# USB "keychain/thumb" drives?

## pjp

Has anyone used the USB drives that come in the size of a keychain?  I've been intersted 

in getting one to try them out, but don't really want to spend the $ if they don't work well.  

I don't really have a use for it yet, but I could probably come up with one  :Very Happy: 

----------

## fifolifo

I use the 64MB Sony Micro Vault and haven't run into a major problem yet.  The only minor problem I have is when I transfer files from my gentoo machine to the Sony.  I get an error message that says that it wasn't able to change the file permissions.  The files themselves transfer fine other than that.  I use it mostly to carry files back and forth from my work mach.(win2k) and my home pc.

----------

## pjp

 *fifolifo wrote:*   

> I get an error message that says that it wasn't able to change the file permissions.  The files themselves transfer fine other than that.

 

Interesting.  I figure most will work.  I'm curious if the error you receive 

is related to USB support, or a configuration issue.

----------

## delta407

It's probably silliness going on inside the USB Mass Storage driver, but I'm not certain.
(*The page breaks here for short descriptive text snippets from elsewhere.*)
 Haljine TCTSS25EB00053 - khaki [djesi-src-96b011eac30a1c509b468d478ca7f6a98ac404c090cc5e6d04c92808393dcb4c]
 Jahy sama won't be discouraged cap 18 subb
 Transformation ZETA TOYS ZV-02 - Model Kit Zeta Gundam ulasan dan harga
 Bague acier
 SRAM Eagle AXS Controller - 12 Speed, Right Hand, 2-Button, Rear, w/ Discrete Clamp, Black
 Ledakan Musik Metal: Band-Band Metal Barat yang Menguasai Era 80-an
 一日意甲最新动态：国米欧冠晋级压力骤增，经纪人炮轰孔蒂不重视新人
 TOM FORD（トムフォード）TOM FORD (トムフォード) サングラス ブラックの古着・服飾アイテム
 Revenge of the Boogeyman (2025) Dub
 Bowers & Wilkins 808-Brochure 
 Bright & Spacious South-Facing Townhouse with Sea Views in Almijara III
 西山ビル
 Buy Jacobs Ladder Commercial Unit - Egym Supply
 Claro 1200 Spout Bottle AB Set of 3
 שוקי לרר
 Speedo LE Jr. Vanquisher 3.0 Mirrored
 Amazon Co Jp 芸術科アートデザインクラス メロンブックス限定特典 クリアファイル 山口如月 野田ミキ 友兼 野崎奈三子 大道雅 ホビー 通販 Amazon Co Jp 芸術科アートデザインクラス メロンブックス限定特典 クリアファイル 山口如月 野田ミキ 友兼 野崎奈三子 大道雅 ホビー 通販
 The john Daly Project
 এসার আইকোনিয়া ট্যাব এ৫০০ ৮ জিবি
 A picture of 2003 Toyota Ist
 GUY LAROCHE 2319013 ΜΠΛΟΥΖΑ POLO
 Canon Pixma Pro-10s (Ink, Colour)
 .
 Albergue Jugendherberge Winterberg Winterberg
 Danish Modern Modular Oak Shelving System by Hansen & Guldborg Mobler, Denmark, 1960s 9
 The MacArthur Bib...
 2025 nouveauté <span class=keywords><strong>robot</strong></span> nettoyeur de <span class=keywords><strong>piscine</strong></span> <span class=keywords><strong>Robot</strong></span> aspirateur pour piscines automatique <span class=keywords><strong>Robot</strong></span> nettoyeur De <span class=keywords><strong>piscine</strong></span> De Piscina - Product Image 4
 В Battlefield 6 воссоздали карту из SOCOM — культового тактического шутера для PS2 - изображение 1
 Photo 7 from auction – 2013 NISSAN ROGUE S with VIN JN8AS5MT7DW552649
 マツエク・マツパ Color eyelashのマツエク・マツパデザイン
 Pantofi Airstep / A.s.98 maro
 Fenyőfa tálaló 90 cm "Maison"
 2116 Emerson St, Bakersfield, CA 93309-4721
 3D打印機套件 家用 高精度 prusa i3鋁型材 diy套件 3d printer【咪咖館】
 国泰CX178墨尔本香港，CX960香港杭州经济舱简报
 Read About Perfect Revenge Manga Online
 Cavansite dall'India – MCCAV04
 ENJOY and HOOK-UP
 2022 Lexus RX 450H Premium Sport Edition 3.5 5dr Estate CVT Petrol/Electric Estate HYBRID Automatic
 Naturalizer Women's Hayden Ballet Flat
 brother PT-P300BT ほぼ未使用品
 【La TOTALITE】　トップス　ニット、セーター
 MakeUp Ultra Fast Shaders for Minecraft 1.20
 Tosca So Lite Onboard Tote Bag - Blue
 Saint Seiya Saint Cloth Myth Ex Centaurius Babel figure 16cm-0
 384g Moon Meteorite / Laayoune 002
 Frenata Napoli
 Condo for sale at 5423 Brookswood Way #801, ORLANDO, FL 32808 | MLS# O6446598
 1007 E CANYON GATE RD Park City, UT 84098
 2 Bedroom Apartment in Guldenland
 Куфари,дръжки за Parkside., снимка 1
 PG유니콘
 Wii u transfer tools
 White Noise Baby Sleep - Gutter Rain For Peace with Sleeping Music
IMO, the keychain USB things are more expensive than they're worth, seeing as I can get an 8cm CD-R for $0.69.

Your mileage may vary, as always.  :Wink: 

----------

## pjp

 *delta407 wrote:*   

> It's probably silliness going on inside the USB Mass Storage driver, but I'm not certain. IMO, the keychain USB things are more expensive than they're worth, seeing as I can get an 8cm CD-R for $0.69.
> 
> Your mileage may vary, as always. 

 I personally try to avoid CD-R's now.  I've been going with RW's, cause CD-R's are yet another thing 

that ends up in the trash.  It is quite amazing how much computer stuff ends up not recycled.  Yes, the 

USB drives are quite expensive.  I'm holding out for the price to drop and the capacity to increase.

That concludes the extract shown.